I have ensured by explicitly checking the inputs i.e. observations are always non nan values before they are returned.

Edit1:
After experimenting for a while -
it seems that the random fall initialization does not play well with isaac gym as some joints may be initialized to a completely invalid state and is very finicky and fails and crashes after a random number of iterations.
Specifically this var self._rigid_body_pos has one of the rows as NaN's.

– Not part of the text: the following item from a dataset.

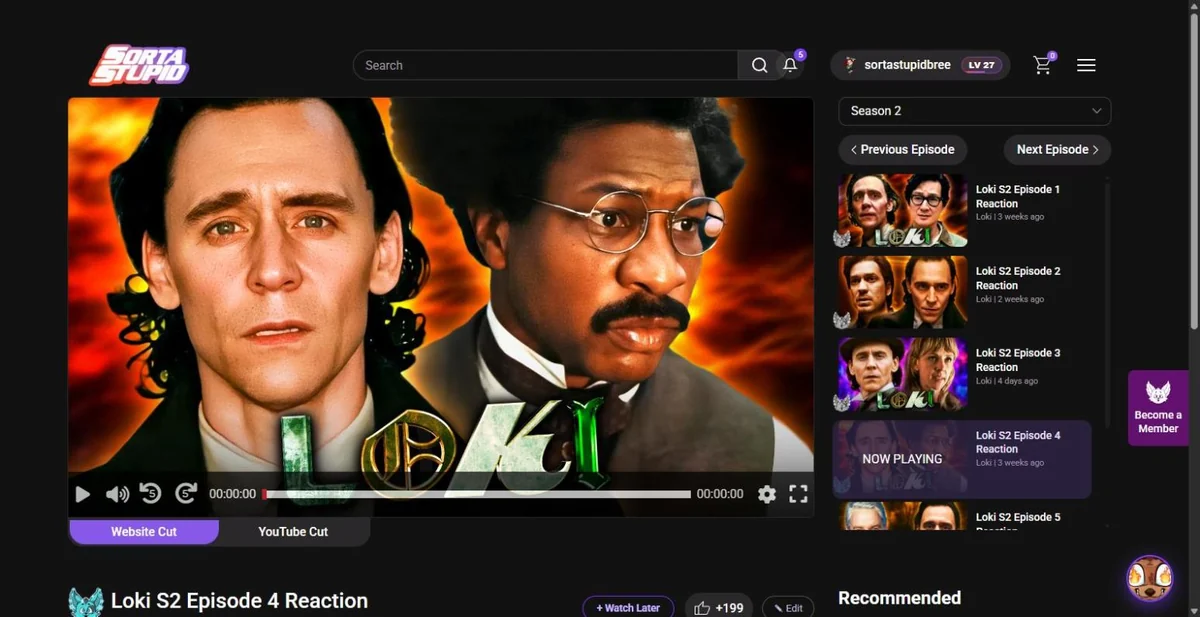 A reaction post with the video player above two tabs labelled Website Cut and YouTube Cut, with Website Cut selected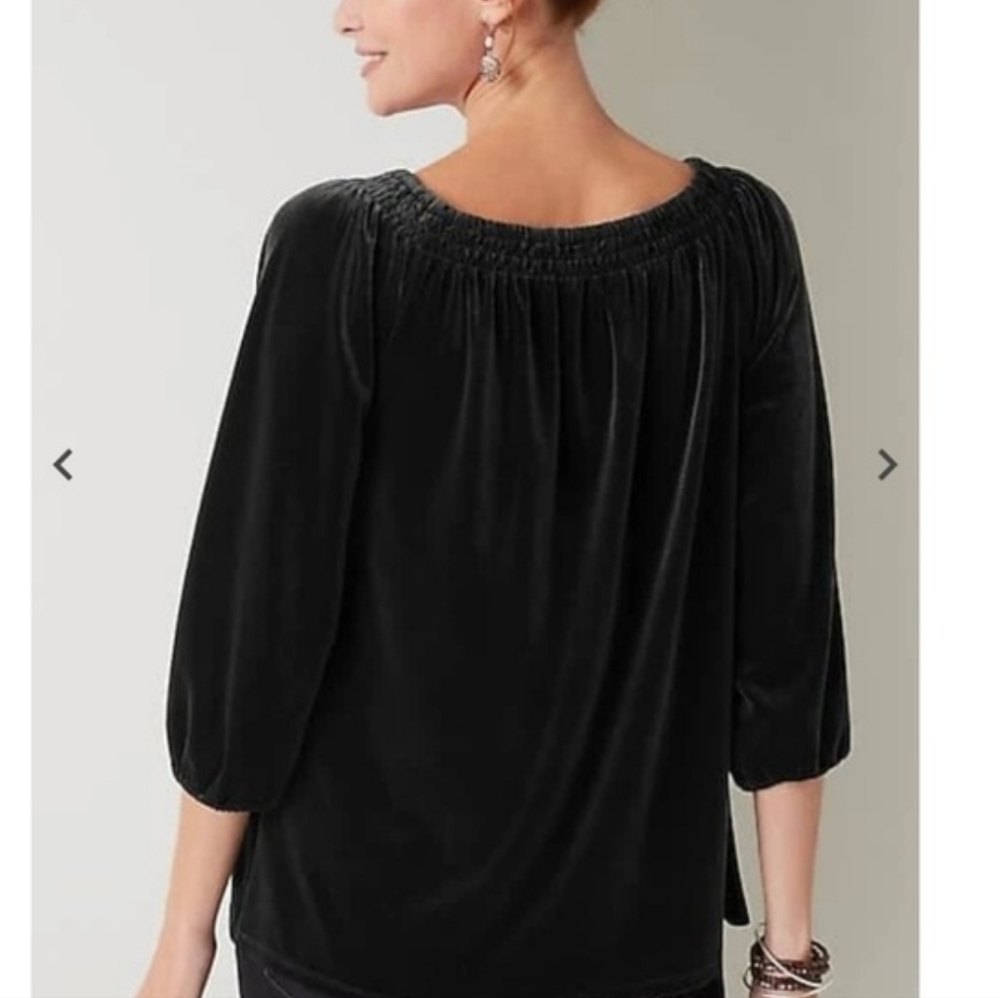 J Jill off the shoulder velvet top Black - Picture 2 of 7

Thanks again for all the help!

@tesslerc
Copy link
Collaborator

tesslerc commented Aug 7, 2024

Are the tensors generated in

def _generate_fall_states(self):
ok?
Are self._fall_root_states and self._fall_dof_pos without any NANs?

@VineetTambe
Copy link
Author

VineetTambe commented Aug 7, 2024

I managed to figure out the issue!
It was caused due incorrect stiffness and damping params - the CALM codebase expects them to be in the .xml itself, my xml did not specify those - adding them to the code seemed to have solved the issue with NaN's.

@VineetTambe
Copy link
Author

VineetTambe commented Aug 7, 2024

A follow up question on this -

  1. Is there any signal (training curves / reward curves) that I should look for in order to get some signs of life on training? It is a bit too inefficient to wait for 13-14 hours to see if the training is succeeding?
  2. I was monitoring the mean episode length / itr curve but given that I am using only a single .npy file from the cmu opensource dataset, how long should I expect my episode length to be? The .npy file is a retargetted speed walk from the 07_01.fbx which is about 1.5 ish seconds in length?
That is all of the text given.